日本には寺や神社がいくつあるか知っていますか?

文化庁の「宗教統計調査」(2022年度)によると、寺が76,699、神社が80,847で、合計157,546箇所に及びます。日本のコンビニエンスストアは55,742店舗(「JFAコンビニエンスストア統計調査月報」2023年6月度)ですので、私たちが毎日、ちょっと歩けば見かけるコンビニエンスストアの約3倍にも相当します。ちなみに、ソトノバでもよく取り上げる、日本の都市公園は113,828箇所(「都市公園データベース」2022年3月末時点)ですので、公園よりも多いことになります。

日本にこんなにたくさんある寺や神社。私有地ではあるものの、屋外における公私の中間領域的なイメージで、その境内や庭園は、都市に残された貴重なオープンスペースとも捉えることができます。そんな場所が日常の中で豊かな過ごし方をできる空間になれば、都市はもっと豊かになるのではないか。そんなことを考えているとき、新潟県新発田市で 13もの寺が連携して開催する地域活性化イベントがあるとの情報を入手しました。

その名も「しばた寺びらき」。本記事では、2023年6月3・4日に開催された同イベントに行った参加レポートと実行委員の方々へのインタビューを、筆者の感想とともに報告します。

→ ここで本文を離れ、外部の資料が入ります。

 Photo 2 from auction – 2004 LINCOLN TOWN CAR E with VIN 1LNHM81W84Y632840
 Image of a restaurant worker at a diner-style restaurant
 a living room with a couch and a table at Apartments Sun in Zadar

(ソトノバ・スタジオ|ソトノバ・ライタークラス2023年の卒業課題記事です。)


寺とまちの歴史

そもそも、寺とまちはどんな関係なのでしょうか。少し歴史を振り返ってみたいと思います。

首都大学東京客員教授などを歴任した横溝良一氏のレポートによると、江戸時代まで寺院神社は、まちづくりと密接に関わっており、門前町や城下町では寺を中心にまちが形成されていました。しかし、明治に入ってからは、近代的な都市計画が導入され、また震災・戦災の影響もあり、町割が失われてしまった都市も多いそうです。ソフト的視点でも、もともと寺子屋が開設され、その後、幼稚園や町会事務所に姿を変えるなどしつつも、寺は地域コミュニティの中心にありましたが、近年は信仰心の低下や少子高齢化などにより「寺ばなれ」が進み、暮らしと寺の関係性が希薄化しているそうです。

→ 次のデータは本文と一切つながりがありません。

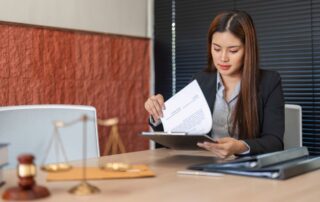 Lawyer carefully reviewing legal documents.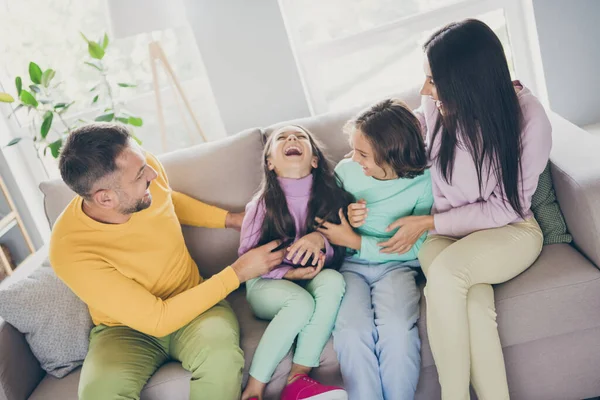 Foto der großen Familie vier Mitglieder sitzen Couch Papa kitzeln Tochter tragen bunte Pullover Hose im Wohnzimmer drinnen — Stockfoto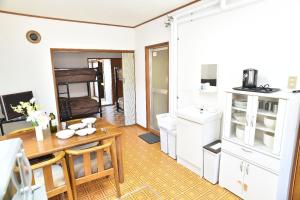 a kitchen with a table and a dining room at Greenheim Suitengushita / Vacation STAY 252 in Otaru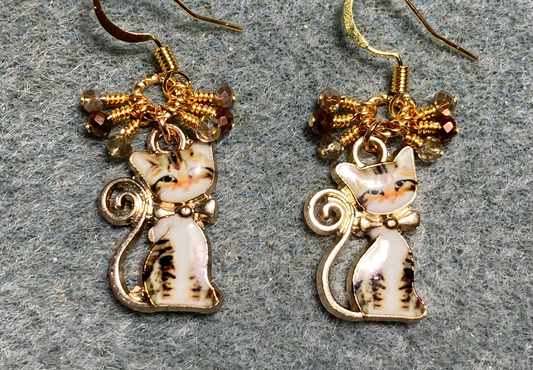 Brown, orange, and off white enamel cat charm earrings adorned with small brown and orange Chinese crystal beads.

高校卒業まで兵庫県淡路島という自然豊かな地でのびのび育った筆者も、40年近く前の幼少期、学校帰りには毎日のように、公園と同じくらい寺や神社で、鬼ごっこやかくれんぼをして遊んでいました。夕方には親が迎えに来て、住職さんと話をしていたなー、などとノスタルジックな思い出が蘇ってきます。でも、自分の子どもを現在の住まいである東京の寺で遊ばせたことはありません。日常の暮らしと寺との関係性が希薄化していったのは、ここ最近の話なのかもしれません。

「しばた寺びらき」とは

そんな、寺とまち・暮らしとの関係なども思い起こしながら「しばた寺びらき」へ行ってきました。

舞台は、新潟県新発田市の寺町通り。新発田城の城下町が整備された際、寺を一角に集めた「寺町」。かつての町割が今も残るこの地区には、計14もの寺が軒を並べています。このイベントは2015年から続くもの(コロナ期間は中止)で、2023年で6回目の開催となります。

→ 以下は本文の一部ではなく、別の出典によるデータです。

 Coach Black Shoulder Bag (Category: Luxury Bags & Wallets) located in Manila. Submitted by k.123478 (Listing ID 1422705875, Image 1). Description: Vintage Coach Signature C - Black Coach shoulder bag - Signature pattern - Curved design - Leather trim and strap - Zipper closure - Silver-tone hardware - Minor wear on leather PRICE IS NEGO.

現在は、市内の寺や市民などで構成された「しばた寺びらき実行委員会」が中心となり主催されています。2023年は13もの寺が、文字どおり寺を開放し、境内や、寺と寺をつなぐ通りで、マルシェや飲食ブース、寺に関する様々な体験プログラムなどを実施し、地域一帯のにぎわいを創出しています。主催者によると、2022年は約6,500人、2023年は約7,000人の来場があったそうで、その来場数からも、地方都市におけるまち全体のイベントとして認知されていることが伺えます。

寺のネットワークがまちづくりの主役に! 新潟県「しばた寺びらき」に行ってきた13もの寺が会場に(しばた寺びらきサイトより)

寺の空間やコンテンツ活用が盛りだくさん

都市部でも、寺や神社でお祭りが行われていることがありますが、「しばた寺びらき」に参加してみて、通常のお祭りなどとの違いを、大きく3点感じました。

① 寺の空間の積極的活用

まず1つ目の特徴は、「寺びらき」の名のとおり、寺を開放し、その独特の空間を積極的に活用していることです。

寺のネットワークがまちづくりの主役に! 新潟県「しばた寺びらき」に行ってきた寺町通りにある福勝寺。地域に開放された寺、まさに寺びらきだ

境内や本堂では、地域の美味しいモノ、素敵なモノが集まるマルシェ「テラマチノ市」を開催。なんと市内外から45もの出店があり、地域の魅力が集結していました。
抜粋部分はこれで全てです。